Just Looking (1999) **


Director, Jason Alexander. Writer, Marshall Karp. Photography, Fred Schuler. Editing, Norman Hollyn. Production design, Michael Johnston. Music, Michael Skloff.. Cast: Ryan Merriman, Joseph Franquinha, Peter Onorati, Gretchen Mol, Amy Braverman, Ilana Levine, Rich Licata, Patti LuPone, John Bolger. A Sony Pictures Classics release. 97 minutes. R (sex talk, sex glimpsed) At the Art.

Background will tell. Director Jason Alexander comes from TV ("Seinfeld"). Writing his first feature screenplay, Marshall Karp comes from advertising and from TV. The bearable lightness of both men's experience shows in sundry technical ways (such as balance), but also in the thinness of a film which is like an extended sitcom.

The movie tries to be likable, which translates into artificial sweetener for much of its duration. Not that it is annoying or cloying. But it is featherweight.

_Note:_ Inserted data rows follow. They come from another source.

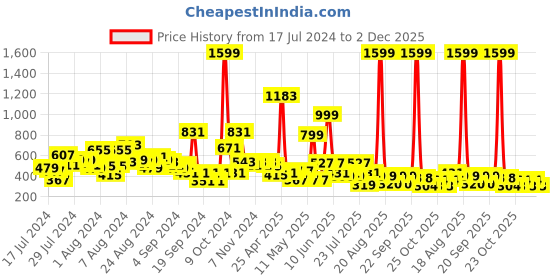 myntra.com LYTIX Girls Set Of 10 Fur Ponytail Holders lytix Price History Graph from 17 Jul 2024 to 2 Dec 2025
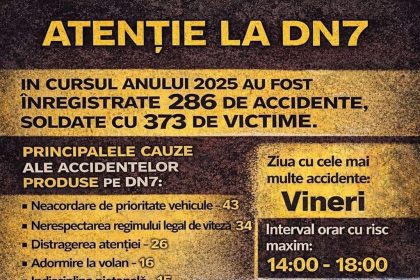 Controale rutiere de amploare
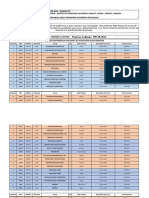 Primero A Noveno Plan de Contingencia Nacional PSID 2022-65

The summer of 1955. Lenny (Ryan Merriman) is a Jewish boy of almost 14, in the Bronx. His father is dead. In one of the film's miscalculations for the sake of a dramatic revelation, we learn belatedly that the death occurred about a year earlier. This is an important factor that explains why mother (Patti LuPone) remarried so quickly. Her second husband is a Jewish butcher whom Lenny dislikes.

The boy is obsessed with sex. His curiosity, though not shown as prurient, is single-minded: he wants to figure out the mystery by watching how couples "do it." Granted that 1955 was a more innocent time, Lenny's ignorance, at 14, is unconvincing, in spite of the fact that the period had no helpful cable TV and videos. His burning desire almost leads him to peeping at his mother and his stepfather, in action. But he fails.

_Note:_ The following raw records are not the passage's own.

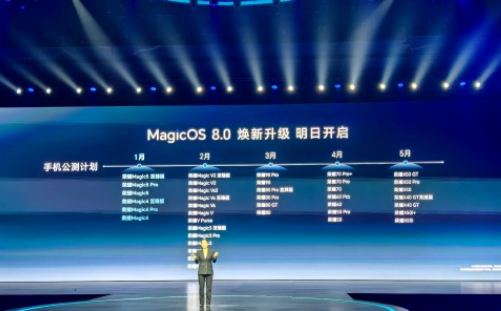 MagicOS8.0公测第一批适配机型汇总- MagicOS8.0公测第一批适配机型有哪些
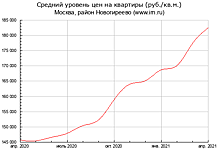 Цена на квартиры в районе Новогиреево возросла незначительно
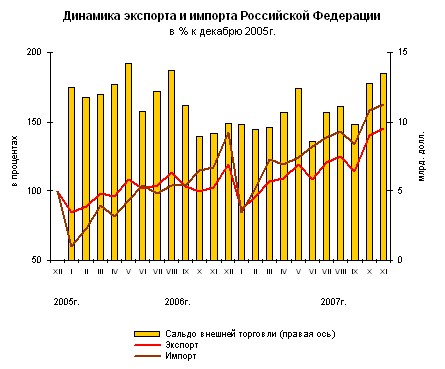 О состоянии внешней торговли в январе-ноябре 2007 года.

To have some of what might be later called "quality time" together, mom packs the kid off to her younger sister who lives with her Italian-American husband in the then more airy and green Queens. (Some jokes about Italians and Jews being different tribes surface here as they do in other films. Nobody seems to know that there exist Italian Jews, many of them celebrities, like author Primo Levi or Sergio Leone who invented Spaghetti Westerns along with Clint Eastwood)

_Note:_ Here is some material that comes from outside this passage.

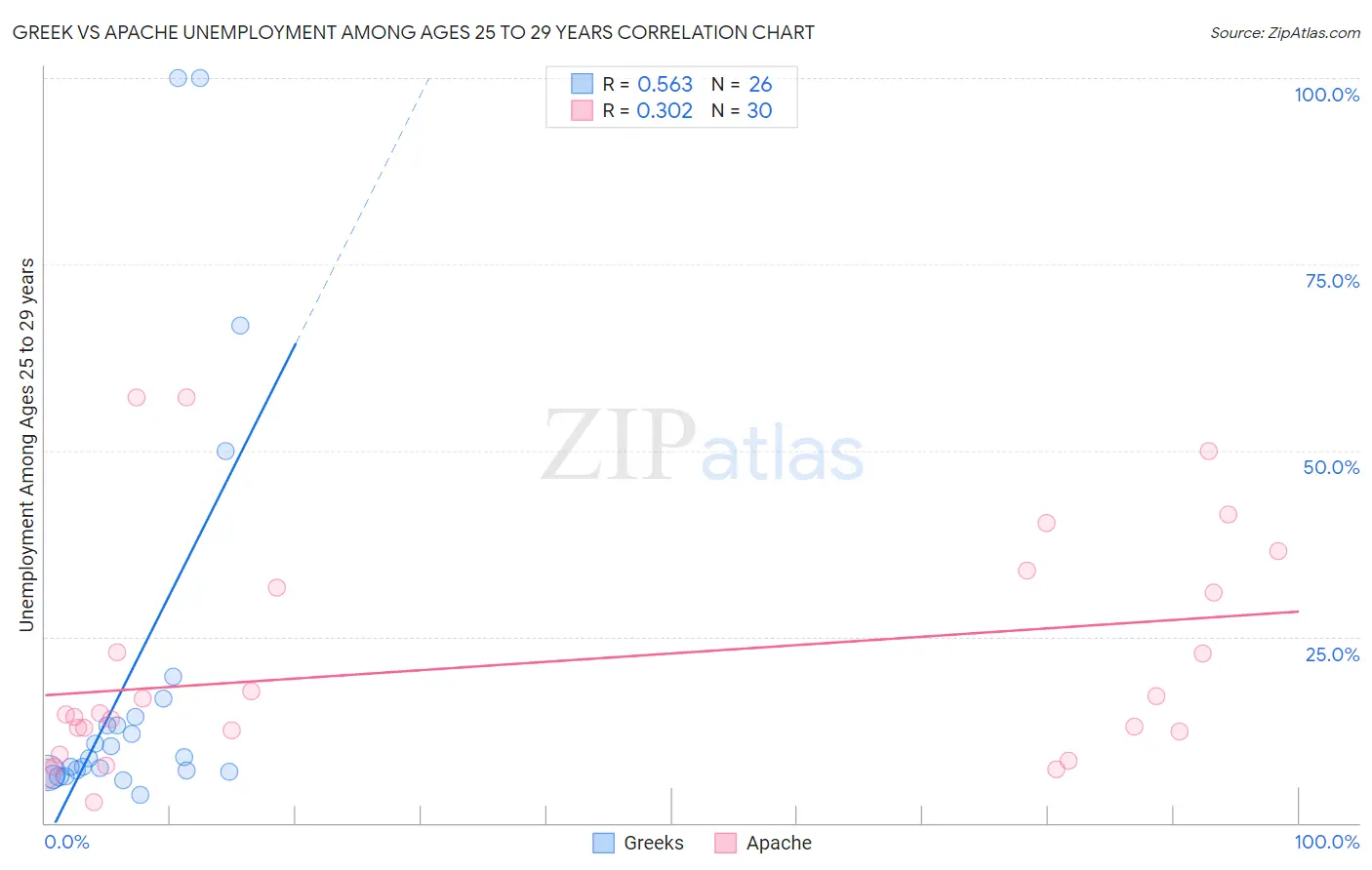 Greek vs Apache Unemployment Among Ages 25 to 29 years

The Queens aunt is pregnant, an obstacle to Lenny's observing her and hubby Phil practicing sex. Phil owns a deli. His summer helper John is about Lenny's age. Phil asks Lenny to help too. The boys become friends, especially upon discovering that share the same mania about the sex act. There's also a bonus, as John and two local girls have a "sex club." This simply means talking about sex. (Some laughs here as the more enlightened girls impress the ignorant boys, with facts of life, often wrong.)

Into the picture comes neighbor Hedy (Gretchen Mol) a twenty-something nurse. She is gorgeous, charming to young and old, and --hold on!-- she once posed for bra ads. Will the boys be captivated? Silly question. Another bonus: Hedy has a visiting MD boyfriend. The couple might be spied, binoculars helping, making love. Wow!

Matters get rather edgy and messy (don't ask- I won't tell.) They lead to a seance where Hedy pours her heart out to the kid and speaks with him as to an adult. Bonding follows, then a melodramatic series of TV-ish developments resulting in Lenny's a) becoming the hero of the day, b) learning about life and the weaknesses of adults, and c) coming to terms with his stepfather. In (b) and (c) Sweet 'n Lo turns into genuine sugar.

Karp says that his whole story is semi-autobiographical, which is neither a plus nor a minus. The tale however is neither involving nor audience-alienating. While the teens become a bit tedious, there are nice bits of humor (several of them inside the deli) and nostalgia-laden visuals. The painstaking reconstruction of the mid-50s (clothes, stores, artifacts, songs, etc.) is pleasant.

Note: The movie was shown at the 1999 Hamptons film festival but released in the fall-early winter of 2000.